The Inflation Reduction Act, passed in August 2022, includes important benefits for people who receive health coverage through either Medicare or the health insurance exchanges established under the Affordable Care Act (also known as “Obamacare”). Since many people aging with HIV receive health care this way, this article aims to break down how the Inflation Reduction Act may impact you.
Starting in 2023, drug companies will be required to pay rebates to Medicare if the prices of their medications rise faster than inflation; Medicare must cap monthly insulin copays at $35; and it must make vaccines available at no cost to Medicare recipients.
Since the prices of some antiretrovirals have increased at especially high rates, people aging with HIV may see a decrease in their copays for these and other medications if they don’t already receive subsidies through either Medicare’s Part D Low Income Subsidy/Extra Help program and or the federal AIDS Drug Assistance Program (ADAP). These changes could potentially lead to slower medication price increases for people with private insurance plans as well.
Before this bill was passed, it was optional for Medicaid programs to include vaccine coverage, and so this coverage varied by state. But starting in 2023, no-cost vaccine coverage will be mandated for Medicaid plans as well.
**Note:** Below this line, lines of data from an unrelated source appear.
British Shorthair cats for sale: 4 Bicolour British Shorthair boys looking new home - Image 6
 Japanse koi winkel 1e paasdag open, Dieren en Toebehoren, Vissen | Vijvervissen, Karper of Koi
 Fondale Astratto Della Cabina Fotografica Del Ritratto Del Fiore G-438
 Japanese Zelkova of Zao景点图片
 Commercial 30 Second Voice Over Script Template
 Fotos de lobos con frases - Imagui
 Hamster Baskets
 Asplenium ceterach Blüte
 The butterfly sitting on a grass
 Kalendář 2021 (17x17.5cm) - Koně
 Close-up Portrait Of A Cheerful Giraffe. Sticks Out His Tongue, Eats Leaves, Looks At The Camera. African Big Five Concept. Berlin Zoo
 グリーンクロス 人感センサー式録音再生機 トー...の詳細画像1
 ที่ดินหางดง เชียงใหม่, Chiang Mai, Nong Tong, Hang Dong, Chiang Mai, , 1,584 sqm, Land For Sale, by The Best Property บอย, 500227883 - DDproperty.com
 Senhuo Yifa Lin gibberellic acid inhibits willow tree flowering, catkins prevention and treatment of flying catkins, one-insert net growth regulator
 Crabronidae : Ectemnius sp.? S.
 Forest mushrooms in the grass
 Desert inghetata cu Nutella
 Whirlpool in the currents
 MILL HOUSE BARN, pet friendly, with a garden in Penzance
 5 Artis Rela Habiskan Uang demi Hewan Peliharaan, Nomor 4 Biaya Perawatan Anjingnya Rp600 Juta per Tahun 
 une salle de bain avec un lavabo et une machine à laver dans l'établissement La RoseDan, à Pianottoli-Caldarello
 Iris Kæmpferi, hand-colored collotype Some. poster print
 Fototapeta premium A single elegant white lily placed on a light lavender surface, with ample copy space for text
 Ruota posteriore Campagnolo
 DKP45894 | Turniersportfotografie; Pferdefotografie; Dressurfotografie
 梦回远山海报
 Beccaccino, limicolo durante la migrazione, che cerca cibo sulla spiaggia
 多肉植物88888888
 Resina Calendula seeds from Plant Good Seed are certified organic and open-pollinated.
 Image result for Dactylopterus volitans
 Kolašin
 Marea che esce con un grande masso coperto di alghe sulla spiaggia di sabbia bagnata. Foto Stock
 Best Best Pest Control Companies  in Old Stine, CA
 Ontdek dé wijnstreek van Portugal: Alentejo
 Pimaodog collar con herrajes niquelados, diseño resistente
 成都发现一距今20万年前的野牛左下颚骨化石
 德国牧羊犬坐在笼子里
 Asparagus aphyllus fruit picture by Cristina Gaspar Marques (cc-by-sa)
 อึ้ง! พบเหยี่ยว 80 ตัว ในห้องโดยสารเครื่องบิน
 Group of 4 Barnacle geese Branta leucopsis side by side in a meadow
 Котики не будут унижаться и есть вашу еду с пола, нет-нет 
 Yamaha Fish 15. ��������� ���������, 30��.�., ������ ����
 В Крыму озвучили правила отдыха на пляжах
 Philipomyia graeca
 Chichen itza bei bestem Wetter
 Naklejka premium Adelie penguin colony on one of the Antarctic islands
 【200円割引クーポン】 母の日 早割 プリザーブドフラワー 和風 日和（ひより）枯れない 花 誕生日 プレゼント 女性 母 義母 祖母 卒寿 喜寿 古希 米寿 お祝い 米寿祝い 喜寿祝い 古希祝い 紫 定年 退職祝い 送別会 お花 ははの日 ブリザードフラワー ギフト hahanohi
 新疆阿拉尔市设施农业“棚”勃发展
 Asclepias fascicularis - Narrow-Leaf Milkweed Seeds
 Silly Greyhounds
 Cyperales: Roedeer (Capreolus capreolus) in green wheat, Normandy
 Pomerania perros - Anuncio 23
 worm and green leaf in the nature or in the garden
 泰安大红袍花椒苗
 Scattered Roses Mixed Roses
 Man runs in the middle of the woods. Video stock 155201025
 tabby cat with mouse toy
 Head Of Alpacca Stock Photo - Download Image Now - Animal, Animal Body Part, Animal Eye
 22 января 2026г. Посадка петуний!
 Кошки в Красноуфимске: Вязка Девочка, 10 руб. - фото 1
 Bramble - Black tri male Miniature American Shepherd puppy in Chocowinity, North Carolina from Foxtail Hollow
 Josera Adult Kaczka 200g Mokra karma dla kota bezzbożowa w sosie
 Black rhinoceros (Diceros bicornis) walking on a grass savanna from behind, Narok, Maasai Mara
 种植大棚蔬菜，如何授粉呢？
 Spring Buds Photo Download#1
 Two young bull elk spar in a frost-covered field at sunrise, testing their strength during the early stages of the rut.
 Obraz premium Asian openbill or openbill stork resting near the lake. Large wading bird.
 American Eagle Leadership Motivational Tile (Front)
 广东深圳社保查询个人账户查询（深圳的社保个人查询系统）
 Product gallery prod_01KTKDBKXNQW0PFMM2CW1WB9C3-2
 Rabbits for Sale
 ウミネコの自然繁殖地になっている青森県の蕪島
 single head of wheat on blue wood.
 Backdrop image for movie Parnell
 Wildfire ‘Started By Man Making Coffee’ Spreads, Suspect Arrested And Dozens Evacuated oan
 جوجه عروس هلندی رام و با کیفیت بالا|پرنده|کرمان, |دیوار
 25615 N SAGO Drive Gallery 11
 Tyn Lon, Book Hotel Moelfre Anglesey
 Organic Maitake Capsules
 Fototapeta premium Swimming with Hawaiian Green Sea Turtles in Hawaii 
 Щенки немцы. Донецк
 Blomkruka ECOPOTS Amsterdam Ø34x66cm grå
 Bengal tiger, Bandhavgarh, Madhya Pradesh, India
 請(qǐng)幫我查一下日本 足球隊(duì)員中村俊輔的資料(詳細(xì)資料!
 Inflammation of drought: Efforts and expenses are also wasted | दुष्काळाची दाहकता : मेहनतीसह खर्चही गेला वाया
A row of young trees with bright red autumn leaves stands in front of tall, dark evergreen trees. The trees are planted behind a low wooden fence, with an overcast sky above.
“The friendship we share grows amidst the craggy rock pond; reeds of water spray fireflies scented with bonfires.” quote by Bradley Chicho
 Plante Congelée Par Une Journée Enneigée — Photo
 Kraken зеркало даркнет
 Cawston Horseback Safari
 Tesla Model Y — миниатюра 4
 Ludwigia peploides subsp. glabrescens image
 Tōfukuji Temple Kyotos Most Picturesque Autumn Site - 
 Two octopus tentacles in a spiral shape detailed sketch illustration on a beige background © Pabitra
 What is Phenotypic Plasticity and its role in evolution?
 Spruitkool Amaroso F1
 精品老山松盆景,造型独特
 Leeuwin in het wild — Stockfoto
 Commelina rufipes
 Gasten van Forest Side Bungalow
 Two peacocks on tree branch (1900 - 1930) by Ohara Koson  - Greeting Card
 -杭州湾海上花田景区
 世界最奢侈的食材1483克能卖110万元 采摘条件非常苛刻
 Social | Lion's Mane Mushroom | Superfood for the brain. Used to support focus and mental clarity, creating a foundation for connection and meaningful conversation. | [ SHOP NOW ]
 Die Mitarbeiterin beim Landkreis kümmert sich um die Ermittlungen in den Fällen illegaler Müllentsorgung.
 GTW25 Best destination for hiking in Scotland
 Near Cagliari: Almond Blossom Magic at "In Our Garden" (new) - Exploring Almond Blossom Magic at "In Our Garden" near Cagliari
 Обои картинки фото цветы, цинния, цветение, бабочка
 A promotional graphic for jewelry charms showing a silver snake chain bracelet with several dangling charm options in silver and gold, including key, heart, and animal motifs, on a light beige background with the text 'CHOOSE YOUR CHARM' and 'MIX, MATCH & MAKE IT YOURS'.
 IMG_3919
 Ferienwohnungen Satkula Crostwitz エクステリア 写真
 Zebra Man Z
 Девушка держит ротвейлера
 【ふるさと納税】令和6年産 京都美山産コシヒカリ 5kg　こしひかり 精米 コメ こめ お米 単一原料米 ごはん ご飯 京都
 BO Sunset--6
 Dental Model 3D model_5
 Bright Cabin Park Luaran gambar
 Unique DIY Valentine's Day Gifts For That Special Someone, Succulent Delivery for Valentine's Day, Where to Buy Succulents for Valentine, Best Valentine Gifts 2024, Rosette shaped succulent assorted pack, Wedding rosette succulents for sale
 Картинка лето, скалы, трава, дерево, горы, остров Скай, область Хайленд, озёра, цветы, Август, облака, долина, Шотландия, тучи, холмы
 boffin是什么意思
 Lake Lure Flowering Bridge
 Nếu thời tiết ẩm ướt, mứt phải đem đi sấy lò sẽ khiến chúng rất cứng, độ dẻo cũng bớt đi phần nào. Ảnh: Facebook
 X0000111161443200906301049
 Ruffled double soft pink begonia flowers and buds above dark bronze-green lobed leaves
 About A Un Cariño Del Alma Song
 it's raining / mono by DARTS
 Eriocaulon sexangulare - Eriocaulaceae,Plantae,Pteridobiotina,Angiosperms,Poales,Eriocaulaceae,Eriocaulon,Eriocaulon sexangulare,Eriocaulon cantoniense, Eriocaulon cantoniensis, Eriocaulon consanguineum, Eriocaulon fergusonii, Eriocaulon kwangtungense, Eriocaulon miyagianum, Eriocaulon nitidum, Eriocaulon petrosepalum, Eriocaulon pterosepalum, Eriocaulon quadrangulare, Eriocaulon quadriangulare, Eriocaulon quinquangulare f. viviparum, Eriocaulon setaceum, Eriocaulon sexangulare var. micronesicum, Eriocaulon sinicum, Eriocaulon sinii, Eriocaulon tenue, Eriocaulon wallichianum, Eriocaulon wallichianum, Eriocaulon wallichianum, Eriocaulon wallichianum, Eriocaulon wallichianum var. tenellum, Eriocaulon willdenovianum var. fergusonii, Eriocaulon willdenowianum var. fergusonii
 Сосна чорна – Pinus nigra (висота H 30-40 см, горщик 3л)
The Inflation Reduction Act further decreases medication costs for those on Medicare by capping out-of-pocket medication-related costs for Medicare recipients at about $3,250 in 2024, and then $2,000 in 2025. It also limits the amount that the cap can increase in future years. People currently receiving full Part D Low-Income subsidies from Medicare will continue to have most of their medication-related costs covered. Starting in 2024, eligibility for the subsidies will expand to people at 135%-150% of the federal poverty level with limited assets.
Beginning in 2026, the federal government will be required to negotiate prices with drug companies for a limited number of medications covered by Medicare. The federal government currently is banned from doing this and, in turn, Medicare has no authority to limit annual price increases by drug companies. While it is still unclear what medications will be subject to these limits, many of the medications prescribed for conditions that often co-occur among people aging with HIV (e.g. Type 2 diabetes or cancer) are among those that account for the largest share of Medicare’s drug-spending. So even if antiretrovirals aren’t included in these limited numbers of medications, people aging with HIV may see decreased costs for other drugs they need to take.
For people buying health insurance through the insurance exchanges, the Inflation Reduction Act extends through 2025 the subsidies that started during the pandemic for those who are eligible.
It can be confusing to try and understand what benefits you may be eligible for, how to apply for them, and whether your Medicare Plan could be violating the law. Consider reaching out to an insurance navigator department at a local community-based organization (CBO) or Federally Qualified Health Center (FQHC). They have certified professionals to support you and make these processes much easier at no cost to you. Some even have free or low-cost legal services if your situation is especially complicated! If you live in the New York City area, GMHC is one of many organizations that may be able to help.